**EXERCISE BRIEF**
What you should give back is a precise copy of the lines below from the one containing "Camera photo forbidden" through the one containing "スプレーローズとミモザのリース　春のおめかし", with no pictures.

-- TASK MATERIAL follows --

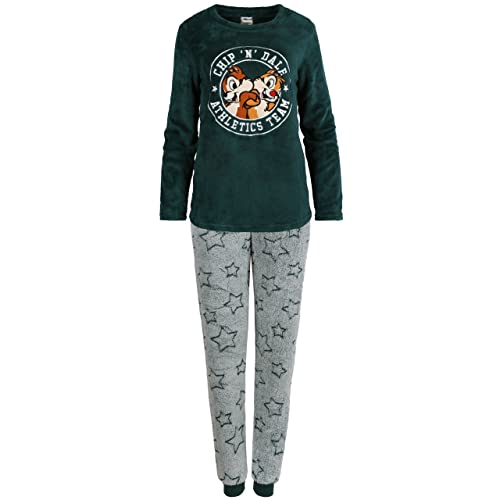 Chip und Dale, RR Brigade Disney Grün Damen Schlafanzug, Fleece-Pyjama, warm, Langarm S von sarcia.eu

-- TASK MATERIAL concluded --
-- TASK MATERIAL follows --

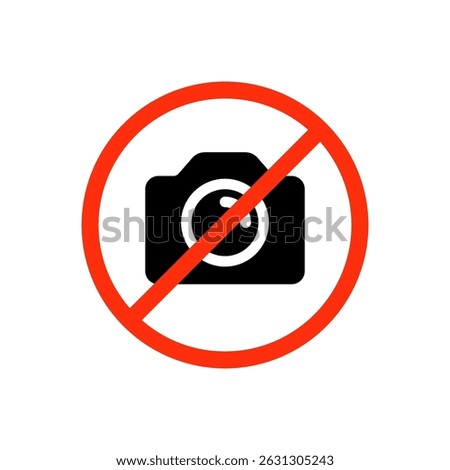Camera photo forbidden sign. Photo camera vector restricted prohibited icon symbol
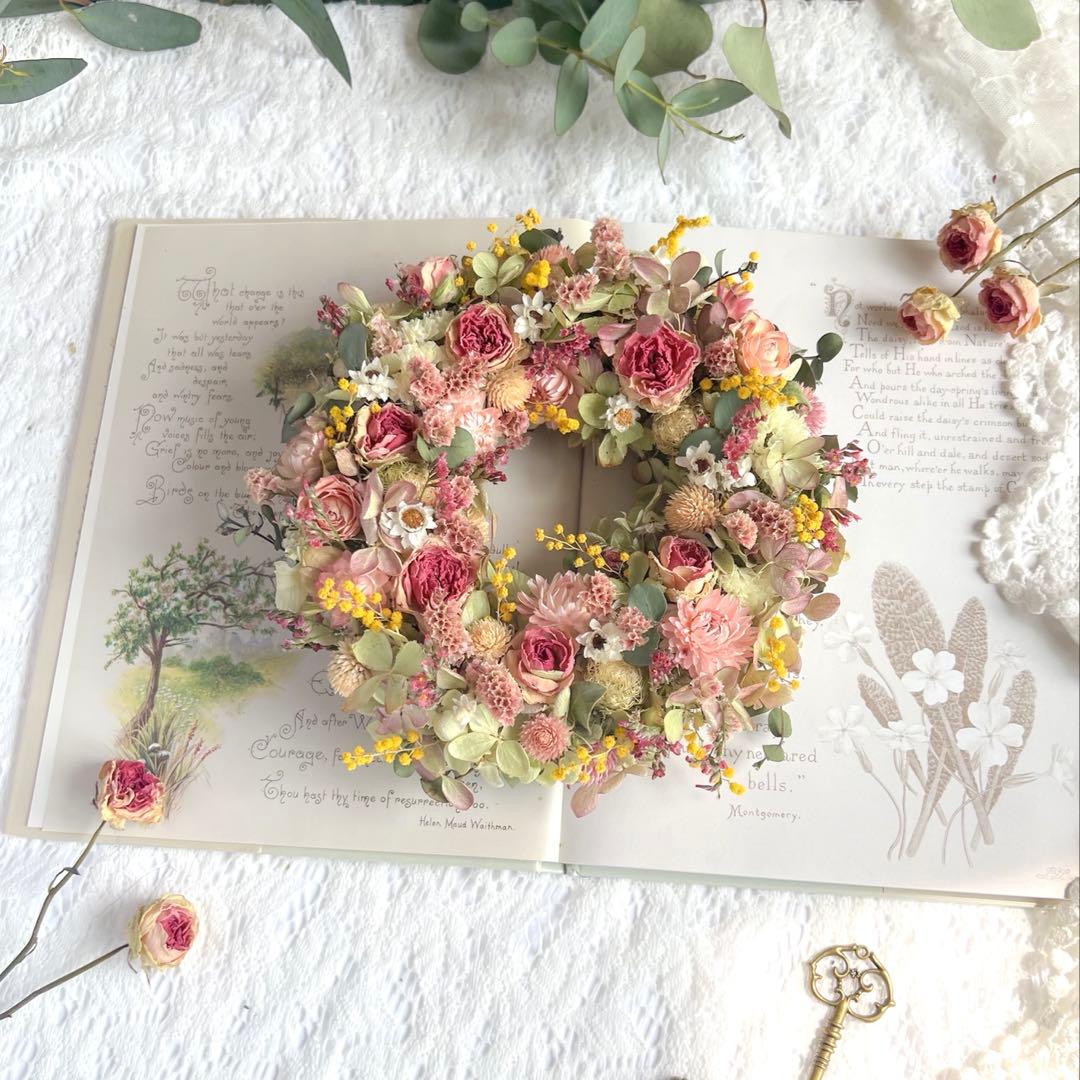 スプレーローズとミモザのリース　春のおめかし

-- TASK MATERIAL concluded --
-- TASK MATERIAL follows --

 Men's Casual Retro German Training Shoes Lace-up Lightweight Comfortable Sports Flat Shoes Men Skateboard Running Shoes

-- TASK MATERIAL concluded --

**EXPECTED OUTPUT**
Camera photo forbidden sign. Photo camera vector restricted prohibited icon symbol
 スプレーローズとミモザのリース　春のおめかし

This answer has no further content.